Quando o Estatuto das Metrópoles foi criado, em 2015, durante o governo Dilma Rousseff, a legislação estabeleceu que os Estados deveriam criar os PDUI das regiões metropolitanas no prazo máximo de dois anos. Em 2017, durante o governo Michel Temer, esse prazo foi prorrogado para 2021. O adiamento aconteceu com o apoio dos Estados e Municípios porque apenas 70 das 20 regiões metropolitanas mais importantes do Brasil avançaram na elaboração do documento.

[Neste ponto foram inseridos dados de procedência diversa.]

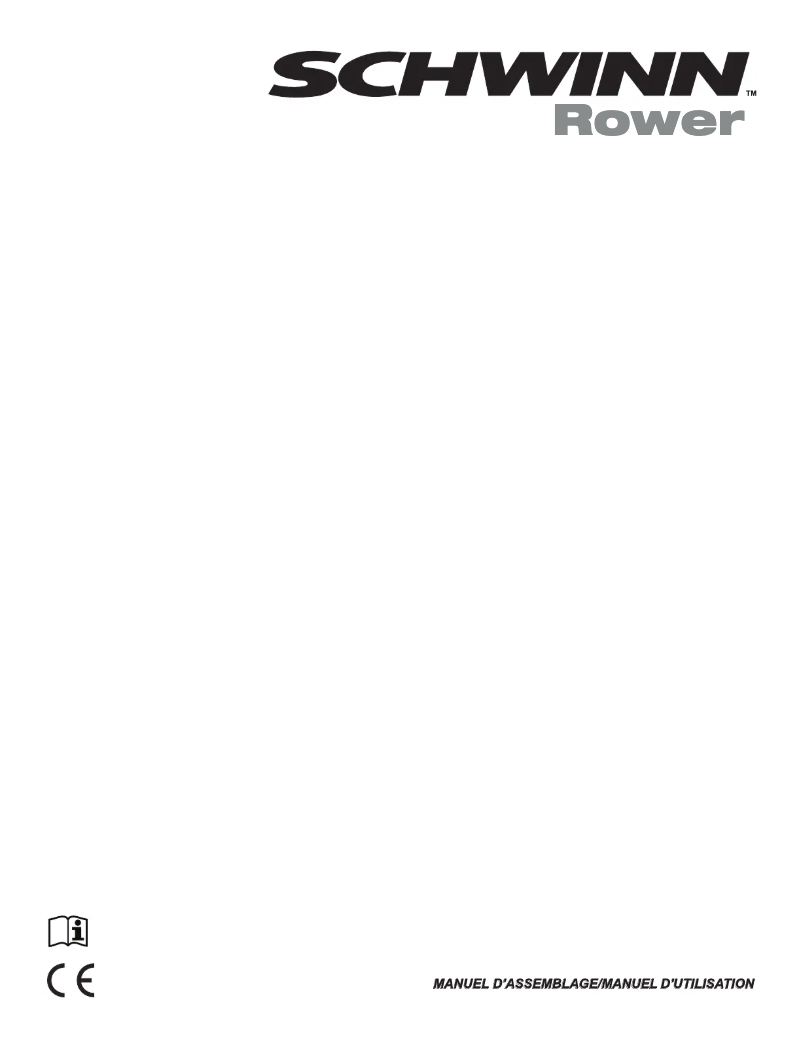 Page 1 de la notice Manuel utilisateur Schwinn Rower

Esse processo sequer foi iniciado no Rio Grande do Norte. George Câmara, que hoje é secretário-adjunto de Finanças e Planejamento (Seplan), afirma que a atual gestão prevê a criação do PDUI da Grande Natal nos próximos quatro anos e que as discussões devem iniciar com a posse dos conselheiros no Conselho Metropolitano, previsto para o dia 17. “O PDUI certamente vai entrar em pauta no Conselho”, defende Câmara.

Estatuto das Metrópoles
A criação do Estatuto da Metrópole e de um plano para as zonas metropolitanas foi pensado com o entendimento de que os planos diretores municipais eram insuficientes para algumas áreas, que sofrem influência mútua de mais de uma cidade. É o caso do bairro de Nova Parnamirim, que dissolveu as fronteiras entre Natal e Parnamirim, por exemplo.
De acordo com George Câmara, antes dessa legislação, um plano de gestão para levar em consideração zonas de outras cidades “dependia da boa vontade dos prefeitos”. No histórico de legislações das cidades, o primeiro passo dado para incentivar a política das cidades como blocos foi em 2005, com a lei de Consórcios Públicos.